Analyze the univariate statistics like min, max, median, percentile distribution etc for all the predictive features

In [None]:
print("Summary Statistics")
summary_statistics = X.describe().T
summary_statistics

### 2.2 Missing value analysis

There are various methods to handle missing data. For example,
- If the proportion of missing values in a column is beyond a tolerable limit, those columns can be excluded from the model
- If the missing values of a column are within tolerable limit, they are imputed with median or mean value of the column

**isna()** is used to identify missing values in the dataset. It returns boolean values - 'True' indicates missing value, 'Flase' indicates non-missing values<br>
**fillna()** is used to replace missing/null values with a specified value

In [None]:
# Calculate the proportion of missing values in each column
X.isna().mean()

In [None]:
# Remove columns with high missing values beyond a threshold
# Threshold value can be changed
threshold_missing = 0.2

X = X.loc[:, X.isna().mean() < threshold_missing]
X.shape

In [None]:
## Impute missings with median value for variables below missing threshold
print(X.median())
X = X.fillna(X.median())

### 2.3 Normalization of the features

Normalization is done to transform the freatures to a same scale. This helps in stable model training and easy interpretability of feature importance.

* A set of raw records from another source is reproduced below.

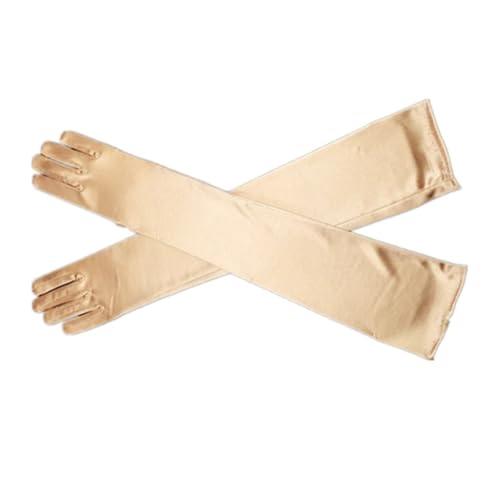 DreamHigh Women's Evening Party Mittens 21" Long Black/White Satin Finger Gloves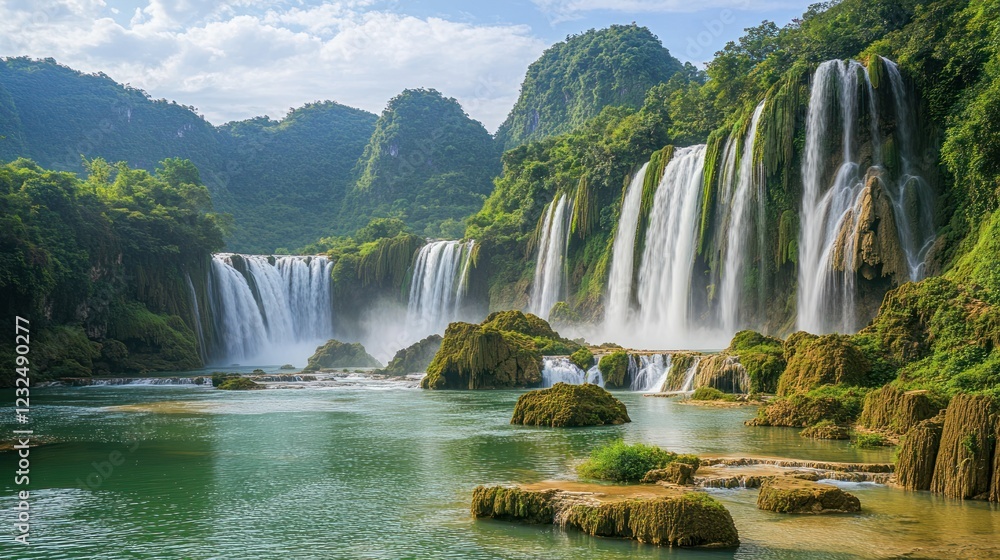 Fototapeta premium Majestic waterfall cascades into serene pool, lush green mountains backdrop, travel destination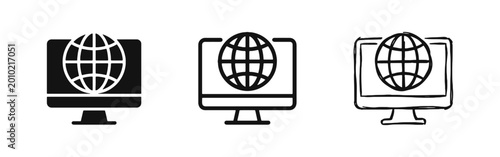 Computer monitor with globe web browser icon set in solid, outline and hand-drawn doodle styles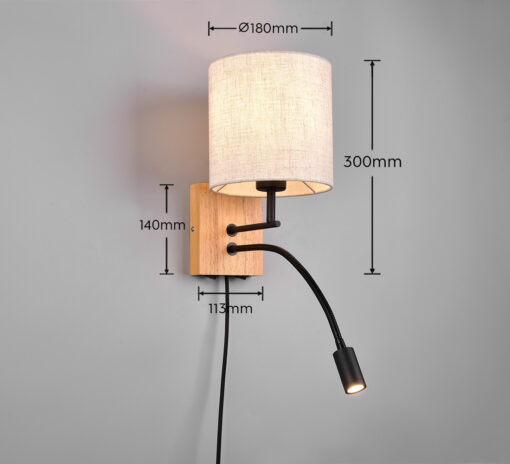 Επιτοίχιο Φωτιστικό Trio Lighting LED 1xE27 Ξύλινου Χρώματος – 212870236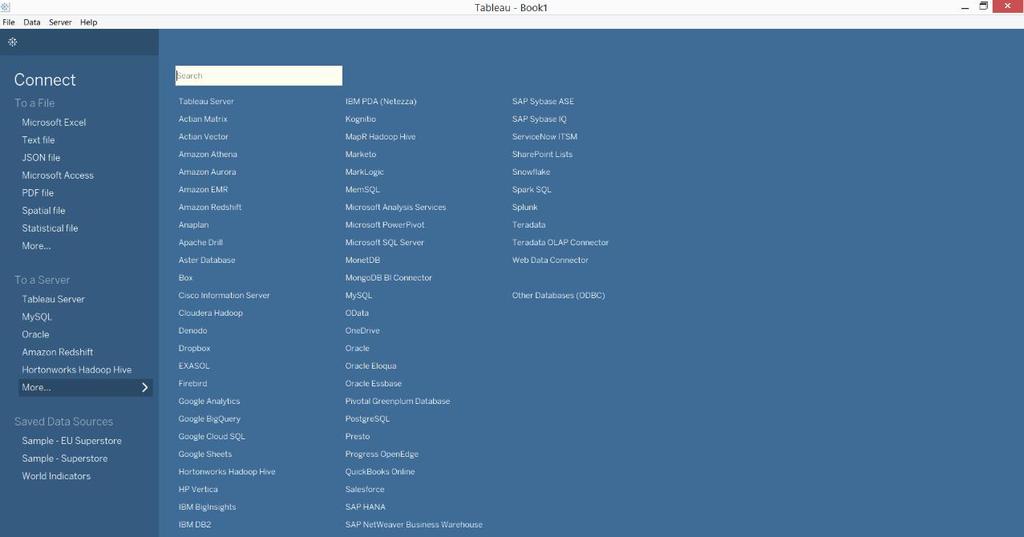 Εικόνα 32: Tableau - Επιλογές σύνδεσης με βάσεις ή αποθήκες δεδομένων Από την λίστα, επιλέγεται το Hortonworks Hadoop Hive και στην καρτέλα σύνδεσης (εικόνα 33) υποδεικνύεται η διεύθυνση του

There are different ways to normalize data. More details on why normalization is required and different ways to normalize the data can be found here -
https://www.datacamp.com/tutorial/normalization-in-machine-learning

**StandardScaler** function from sklean is used to normalize the features. It uses below formula to normalize the features.

x_transform = (x-mean)/standard deviation

In [None]:
from sklearn.preprocessing import StandardScaler

scaler = StandardScaler()
X_transform = pd.DataFrame(scaler.fit_transform(X), columns = X.columns)
print(X_transform.shape)
X_transform.head()

In [None]:
# Save the scaling parameters
scaleFile = os.path.join(path, data , 'scaler.' + model + '.' + data + ".pkl")
dump(scaler, open(scaleFile, 'wb'))

### 2.4 Dataset filtering

The following transactions needs to be excluded from modelling data.
 - Transactions which are in the first two months to allow for profile maturation
 - All the non-fraud transactions corresponding to a fraud account are excluded from the model training

#### Removing first two months transactions to allow for profile maturation
Since some of our profile variables depend on potentially long periods of time, we would like to allow those features to fully build up to their entire calculation window. Ideally, we would have several months before the training period to allow for these features to mature, but since we only have a year's worth of data, we will restrict ourselves to a maximum of 2 month window, allowing our data to train on the remaining 10 months of data. These initial 2 months are known as the ‘profile maturation period’, where these profile variables properly develop. We exclude the transactions from the first 2 months from the modelling data to allow for profile maturation.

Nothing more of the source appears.